IT Brief Australia - Technology news for CIOs & IT decision-makers
Story image
Databricks acquires AI-centric data governance platform, Okera
Fri, 5th May 2023

Databricks, the lakehouse company, has announced that it has entered into a definitive agreement to acquire Okera, the AI-centric data governance platform.

Okera aims to solve data privacy and governance challenges across the spectrum of data and AI. It simplifies data visibility and transparency, helping organisations understand their data, which is essential in the age of LLMs and to address concerns about their biases.

Ali Ghodsi, Co-founder and CEO at Databricks, comments, "We're thrilled to welcome Nong and the incredibly talented Okera team to Databricks. We look forward to incorporating Okera's core capabilities directly into the Databricks platform in the coming year, further enhancing the unified, AI-centric governance experience delivered by Unity Catalog."

He continues, "For a decade, Databricks has focused on democratising data and AI for organisations around the world.
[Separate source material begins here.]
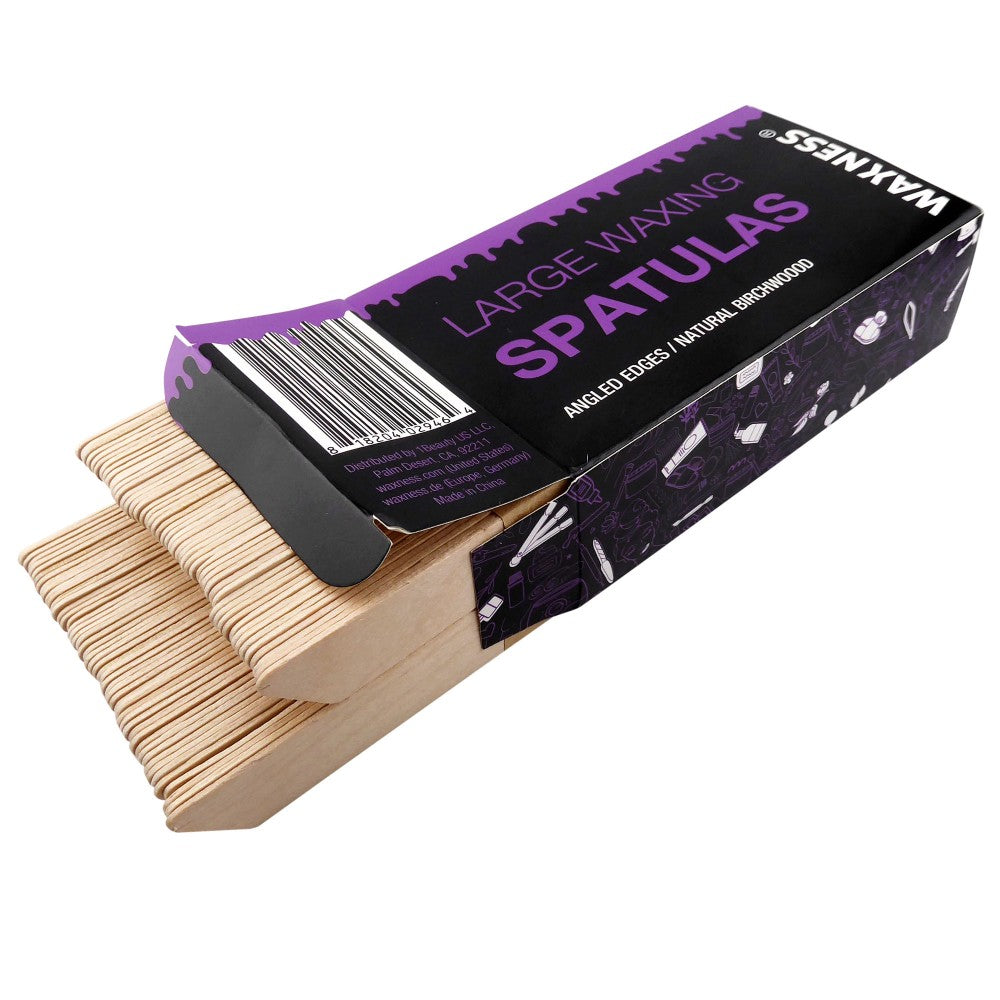 Body Waxing Wooden Angled Spatula Applicator 100pk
And since the debut of ChatGPT last November, and the recent introduction of Dolly 2.0, every customer has been asking us how they can leverage the power of AI and large language models (LLMs) in their businesses. Immediately following those questions, they ask about how they can protect the security and privacy of their data in this new world."
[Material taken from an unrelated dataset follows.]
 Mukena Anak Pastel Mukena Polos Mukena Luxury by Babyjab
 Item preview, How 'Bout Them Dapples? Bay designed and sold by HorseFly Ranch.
Nong Li, Okera's Co-founder and CEO, is widely known for creating Apache Parquet, the open source standard storage format that Databricks and the rest of the industry builds on.

Nong also played an instrumental role at Databricks earlier on. He led the vectorised Parquet effort and the codegen effort that resulted in Apache Spark 2.0s 10x performance improvement.
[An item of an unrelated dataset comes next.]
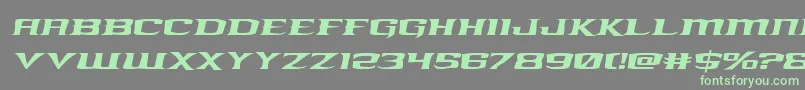 kreaturekombatexpandital Font – Green Fonts on Gray Background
Li comments, "We founded Okera to help modern, data-driven enterprises accelerate legitimate data access while minimising data security risks and delivering regulatory compliance.

"As data continues to grow in volume, velocity, and variety across different applications, CIOs, CDOs, and CEOs across the board have to balance those two often conflicting initiatives not to mention that historically, managing access policies across multiple clouds has been painful and time-consuming."

He continues, "Many organisations dont have enough technical talent to manage access policies at scale, especially with the explosion of LLMs. What they need is a modern, AI-centric governance solution.

"We could not be more excited to join the Databricks team and to bring our expertise in building secure, scalable and simple governance solutions for some of the worlds most forward-thinking enterprises."

Okera's data governance platform offers two unique technologies that can address the challenges of data governance in this new world, according to Databricks.

First, Okera offers an AI-powered interface to automatically discover, classify, and tag sensitive data such as personally identifiable information (PII). These tags enable data governance stakeholders to easily assess compliance and create no-code access policies that improve visibility and control over data.

Okera also provides a self-service portal to quickly audit and analyse sensitive data usage, giving organisations the ability to reliably monitor and track data usage patterns. This helps ensure that governance policies are applied consistently, even in the explosion of data assets, many of which can be AI generated.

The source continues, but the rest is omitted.